╭──

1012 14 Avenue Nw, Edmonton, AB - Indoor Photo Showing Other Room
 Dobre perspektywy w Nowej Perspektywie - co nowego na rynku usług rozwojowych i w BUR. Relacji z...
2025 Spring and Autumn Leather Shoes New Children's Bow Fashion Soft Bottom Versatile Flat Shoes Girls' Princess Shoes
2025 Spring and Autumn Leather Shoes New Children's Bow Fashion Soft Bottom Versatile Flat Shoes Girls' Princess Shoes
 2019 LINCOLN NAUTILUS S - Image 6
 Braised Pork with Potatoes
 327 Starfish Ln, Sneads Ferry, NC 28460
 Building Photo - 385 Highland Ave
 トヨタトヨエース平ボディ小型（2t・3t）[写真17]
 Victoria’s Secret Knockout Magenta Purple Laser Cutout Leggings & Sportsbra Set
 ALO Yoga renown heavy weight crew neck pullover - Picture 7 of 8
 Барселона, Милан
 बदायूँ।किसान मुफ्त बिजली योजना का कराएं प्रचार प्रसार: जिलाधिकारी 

╰──

# Directions:
Only one part of the material above is to be transcribed, namely the lines starting with the line that has "2019 LINCOLN NAUTILUS S - Image 6" and going on through the line that has "Victoria’s Secret Knockout", exactly as they stand.

# Response area:
 2019 LINCOLN NAUTILUS S - Image 6
 Braised Pork with Potatoes
 327 Starfish Ln, Sneads Ferry, NC 28460
 Building Photo - 385 Highland Ave
 トヨタトヨエース平ボディ小型（2t・3t）[写真17]
 Victoria’s Secret Knockout Magenta Purple Laser Cutout Leggings & Sportsbra Set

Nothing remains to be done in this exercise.